Setelah karung yang dibawanya penuh, Saikim menepi dan melihat-lihat barang yang sudah dia kumpulkan. Beberapa potong pakaian bekas dan peralatan rumah tangga menyembul dari dalam karung.
Menurut Saikim, warga suku laut yang datang ke TPA Telaga Punggur untuk memulung biasanya adalah para istri. Mereka menutur berbagai barang yang bisa dimanfaatkan, termasuk kemasan air mineral untuk dijual. Bahkan tidak jarang mereka membawa pulang makanan sisa yang masih bisa dikonsumsi, seperti buah-buahan, kue, dan minuman kaleng. “Kalau melaut saja, mana dapat ini,” kata Saikim sambil menunjukkan sebotol minuman bersoda. Saikim juga menunjukkan sekantong anggur. “Anggur ini nanti ibu cuci lagi.”
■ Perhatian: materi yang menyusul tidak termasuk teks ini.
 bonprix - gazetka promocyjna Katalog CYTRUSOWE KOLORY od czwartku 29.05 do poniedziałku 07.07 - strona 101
Memulung tidak dilakukan Saikim setiap hari. Ibu-ibu suku laut, kata dia, biasa datang ke TPA setiap Selasa, Kamis, dan Sabtu. Itu pun dilakukan ketika mereka memang benar-benar tidak bisa melaut karena cuaca buruk.
Suku Laut Butuh Pengakuan
Menurut Wengki, suku laut di Kepulauan Riau berasal dari empat kelompok, yaitu Mantang, Mapur, Baruk, dan Galang. Mereka hidup mengembara menggunakan sampan dan hanya sesekali singgah di pulau. Pada akhir 1990-an, suku laut mulai menetap dengan mendirikan rumah sementara di pulau-pulau kecil.
“Pemerintah daerah kemudian mengusulkan kepada pemerintah pusat untuk mendirikan rumah bagi suku laut,” kata Wengki. "Pemda menganggap, dengan merumahkan suku laut, mereka akan memiliki kelangsungan hidup yang lebih baik."
Namun, kata Wengki, upaya pemerintah itu dilakukan tanpa kajian yang memadai. Ketika orang laut mulai menetap, hak-hak mereka banyak yang tidak terpenuhi. “Mereka dirumahkan, tapi tidak diberikan fasilitas yang layak, seperti listrik dan pendidikan,” kata dia. "Kita lihatlah, rumah yang diberikan seolah-olah seperti sangkar burung saja."
Menurut Wengki, bentuk kepedulian terhadap suku laut tak cukup hanya memberikan tempat tinggal. Pemerintah lebih dulu harus mengakui keberadaan suku laut sebagai masyarakat adat. "Dengan adanya pengakuan itu, pemerintah dapat menyerahkan kepada mereka, apa yang mereka butuhkan?" ucapnya.